A pragmatic and measured approach is essential for realising the large financial gains promised by data. Being strategic about data projects does not require a wholesale transformation of the organisation into a technology firm – something that is neither possible nor desirable.

Instead, it is important to stick with a few simple key principles when allocating capital to these projects:

▪ Define the problems with the greatest impact on profits and/or growth;
▪ Establish a fully integrated A/B testing environment to assess the success;
▪ Take on small, manageable projects, test, assess the impact and select the winners.



Asay, M. (2017, November 10). 85% of big data projects fail, but your developers can help yours succeed. Retrieved from TechRepublic: data-projects-fail-but-your-developers-can-help-yours-succeed/

Ermakova, T., Blume, J., Fabian, B., Fomenko, E., Berlin, M., & Hauwirth, M. (2021). Beyond the Hype: Why Do Data-Driven Projects Fail? Hawaii International Conference on System Sciences.

McKinsey. (2020, December 8). Getting the price right in logistics. Retrieved from insights/getting-the-price-right-in-logistics

Pinker, S. (2021). Rationality: What It Is, Why It Seems Scarce, Why It Matters. Penguin.

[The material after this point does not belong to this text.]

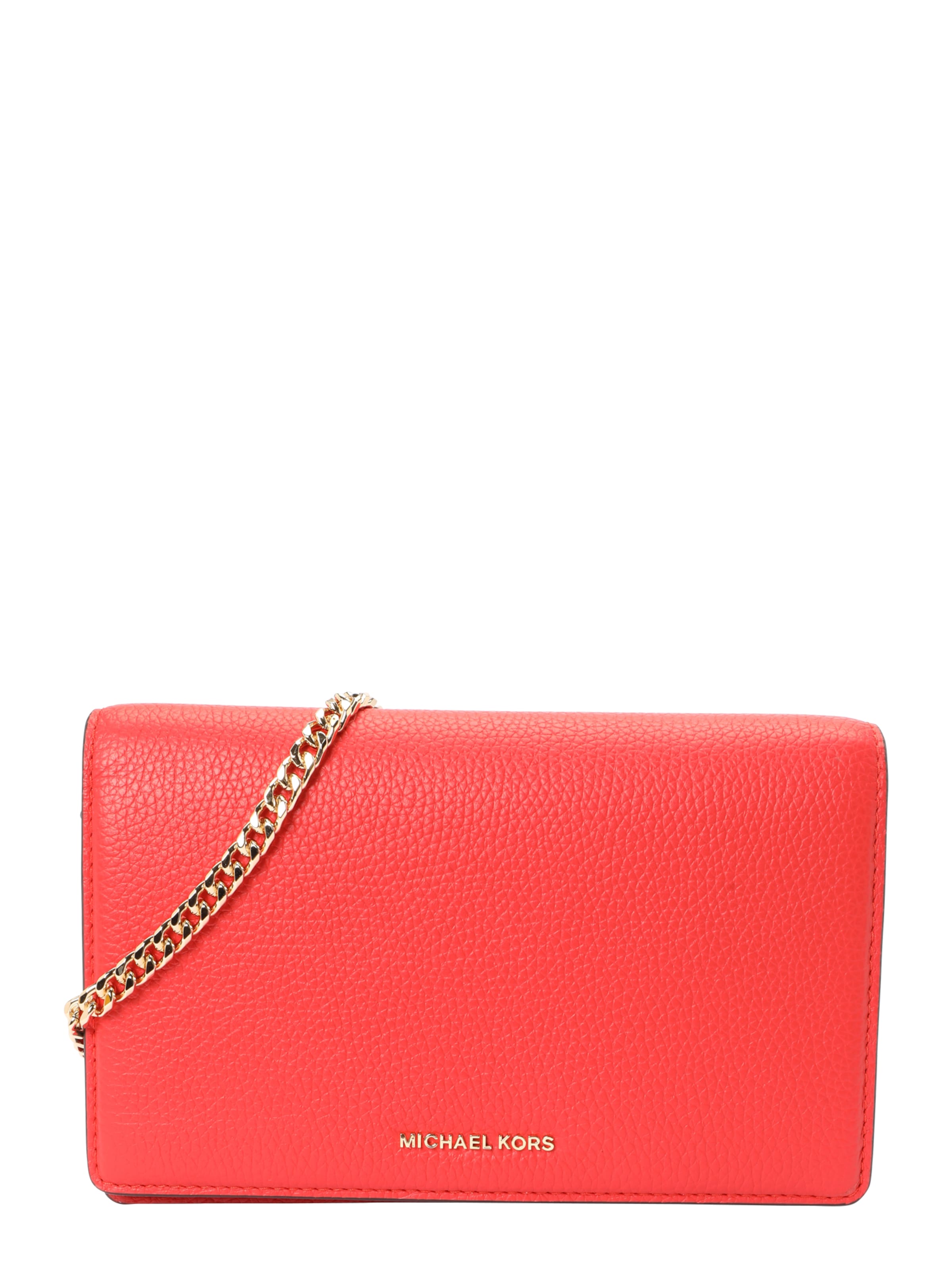 MICHAEL Michael Kors Pikkulaukku värissä punainen: etupuoli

VentureBeat. (2019, July 19). Why do 87% of data science projects never make it into production? Retrieved from VentureBeat: science-projects-never-make-it-into-production/



1 In manufacturing, “list prices” are provided by CPQ/CRM or ERP systems, either set annually or calculated dynamically on a cost-plus basis. In freight transport, prices are dynamic and calculated based on cost-plus, using network management systems and delivery scenarios. A decision algorithm is applied before the involvement of commercial manager (before applying the regular “price waterfall” of discounts, rebates, etc.), at the stage of calculation.